Jesus knows what it is to be human in this hurt and broken world, and he is very proactive in initiating acts of grace in our lives. Sadly, just like the man in John 5, we are also often slow to respond.
At first glance, John 5:1-18 looks like any other healing narrative in the Gospels. Someone gets healed by Jesus, it’s a miracle, and the authorities aren’t happy. But in John’s Gospel the writer is more sparing in his choice of healing stories – one child, one invalid, one blind man, and one dead man. So maybe the story in John 5 is intended to highlight more for us readers than “just another healing”.
John chapter 5 is a strategically placed narrative in the flow of the book as a whole. But then comes chapter 5 and an incident that seems to spark tensions that will rumble through the next chapters, and the next twelve months, right up to the Passion Week when Jesus died.
In other healing stories we see desperate people crying out to get Jesus’ attention, or going to great lengths to get close to him. But in John 5 we see Jesus making all the moves. He initiates a healing with someone who doesn’t know who he is. And from a human perspective, the response he gets is not great. This wasn’t a situation where Jesus chose a person he knew would respond well to him!

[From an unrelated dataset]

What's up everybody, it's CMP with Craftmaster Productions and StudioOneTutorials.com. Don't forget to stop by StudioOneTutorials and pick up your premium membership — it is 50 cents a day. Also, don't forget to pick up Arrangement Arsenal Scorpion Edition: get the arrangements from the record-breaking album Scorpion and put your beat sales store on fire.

Notice the three moves that Jesus makes in this story, because he still makes those moves today:
1. Jesus initiates meeting the need of a hurting and broken man.

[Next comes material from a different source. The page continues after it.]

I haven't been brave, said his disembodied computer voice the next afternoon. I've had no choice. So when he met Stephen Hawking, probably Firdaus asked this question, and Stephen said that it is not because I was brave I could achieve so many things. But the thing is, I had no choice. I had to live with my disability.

In verses 6-8 Jesus approaches the man and asks if he would like to be healed. As soon as the man has given his excuses for not being healed, Jesus simply tells him to get up, take up his bed, and walk.

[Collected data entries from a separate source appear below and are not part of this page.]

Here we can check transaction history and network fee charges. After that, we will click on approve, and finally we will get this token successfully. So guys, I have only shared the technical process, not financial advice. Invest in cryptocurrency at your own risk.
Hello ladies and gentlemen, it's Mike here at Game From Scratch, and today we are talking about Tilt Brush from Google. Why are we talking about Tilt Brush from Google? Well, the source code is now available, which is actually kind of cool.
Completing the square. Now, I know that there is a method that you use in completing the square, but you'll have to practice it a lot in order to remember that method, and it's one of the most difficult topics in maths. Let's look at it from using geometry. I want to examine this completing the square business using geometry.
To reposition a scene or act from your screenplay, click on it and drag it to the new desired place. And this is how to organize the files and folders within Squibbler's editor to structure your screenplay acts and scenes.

2. Jesus initiates confronting the man over his deeper issue.
The man is accused of breaking the Sabbath in verses 9-13, but he doesn’t know who it was that healed him. (Don’t miss the delight of the authorities at the blessing of the miracle that had taken place! Actually, we are so used to their reaction that it doesn’t register with us anymore, but it should!) Then, in verse 14, Jesus finds the man and confronts him over his sin. We don’t know whether this is referring to lifelong sin, general sin, specific sin, or even the sin he was contemplating, but nevertheless, Jesus knows that he needs more than functioning legs.